Daniel miró por la ventana un buen rato. Luego, posó los ojos en ella.

—Mis abuelos celebran sus bodas de oro el sábado. Nos han invitado.

—Ah, ¿esos que nos dieron cinco mil euros para nuestra boda? ¿Y cómo vamos a ir si estábamos a punto de divorciarnos?

—Vamos, nada más. Son mayores, les hará ilusión. Oficialmente, seguimos casados.

Lucía lo miró con escepticismo. No tenía fuerzas. Ni para pelear, ni para reconciliarse.

—Vale, vamos. Quizá sea la última vez que salgamos juntos.

Viajaron en el coche del padre de Dani. Él y su padre iban delante; Lucía, con su suegra, atrás. Silencio.

—¿Habéis tenido algún problema? —susurró la suegra.

—No —respondió Lucía con una sonrisa tensa.

—Mira los anillos que les compramos para el aniversario.
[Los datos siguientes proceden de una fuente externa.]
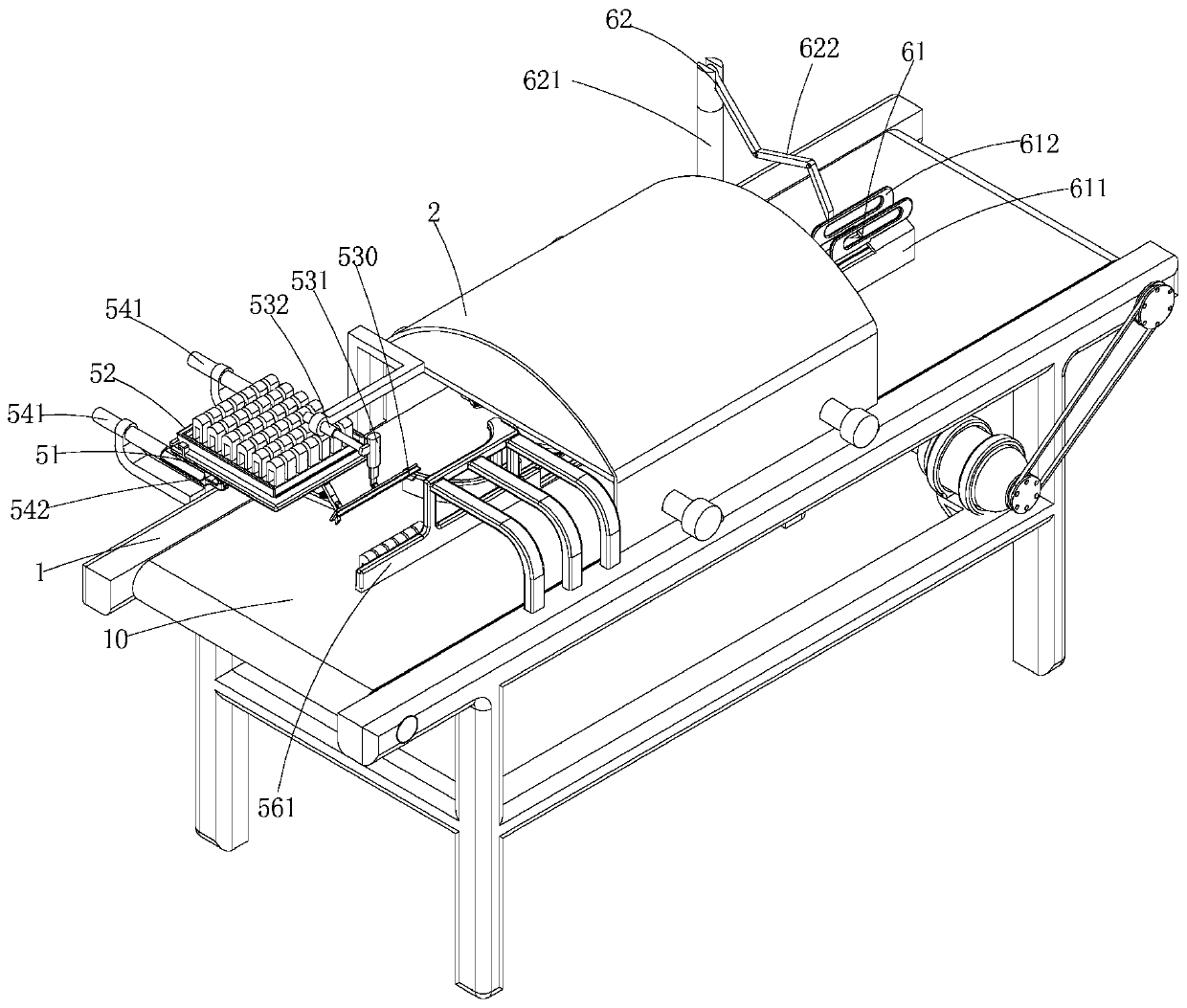 A device for grinding magnetic cores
De oro, preciosos.

—Sí, muy bonitos —asintió ella.

—Llevaos bien. Así, dentro de cincuenta años, vuestros hijos os regalarán unos iguales.

Lucía bajó la mirada. ¿Cincuenta años? Era toda una vida…

La fiesta fue animada: jóvenes, adultos, ancianos. Montañas de comida, risas, brindis. Pero Lucía se mantuvo lejos de Dani. Las mujeres de su familia la arrastraron a organizar juegos. Tenían poco más de treinta, como ella. Se reñían, se burlaban de sus maridos, pero… se notaba que los querían.

Lucía no podía evitar preguntarse:

—¿Y yo lo quiero? ¿Y él a mí?

Quizá alguna vez sí. Pero ahora… La casa era fría. El dinero, escaso. No se compraba un abrigo nuevo desde hacía tres años. ¿Niños? Ni lo mencionaba. Y el trabajo… Aunque antes fue su sueño.

La celebración terminó tarde. Los abuelos, Carmen y Manuel, les dijeron:

—Quedaos aquí. Mañana nos ayudáis a limpiar.

Lucía y Dani recogieron los platos en silencio. Trabajaron con complicidad, sin hablar. Dos horas después, todo estaba ordenado.

La abuela sirvió té.

—Bueno, Manuel, ahí llevamos cincuenta años —sonrió.

—Y cuántas veces estuvimos a punto de separarnos —refunfuñó él—. Hasta fuimos al registro civil.

—Pero volvimos.

—Estaba sin trabajo, sin un duro —recordó el abuelo.

—¿Y te olvidas de cómo me miraban? Me llamaban princesa. Y tú, orgulloso como un pavo real.

—Princesa, sí —gruñó, pero sus ojos brillaban.

Lucía los observaba, y algo se le encogía por dentro. Se peleaban, se interrumpían, pero… se amaban. De verdad.

—Nosotros fuimos así —pensó—. Jóvenes, orgullosos, resentidos. Seguros de tener razón. Y ahora ellos se ríen de lo que casi los separó.

La abuela sacó un sobre:

—Tomad, compraos algo. Para el invierno. Y no discutáis. A nosotros no nos falta.

Lucía iba a protestar, pero Dani lo cogió.

—Gracias, abuela.

—Bueno, id a descansar. La habitación está lista.

Era el cuarto de la infancia de Dani, pero ahora la cama era para dos. Se acostaron. En silencio.

—Lucía… —susurró él.

Ella se acurrucó contra su hombro. Cálido, familiar. No era riqueza. No era un abrigo caro. Solo era él.

Daniel se durmió. Lucía miró al techo.

—Me alegro de no habernos divorciado. Mañana me compraré ese abrigo. Luego, quizá… un niño. Y después, quién sabe, nietos. Y en cuarenta y nueve años… anillos de oro. Iguales.

Sonrió. Por primera vez en mucho tiempo. Y se durmió. Tranquila. A su lado.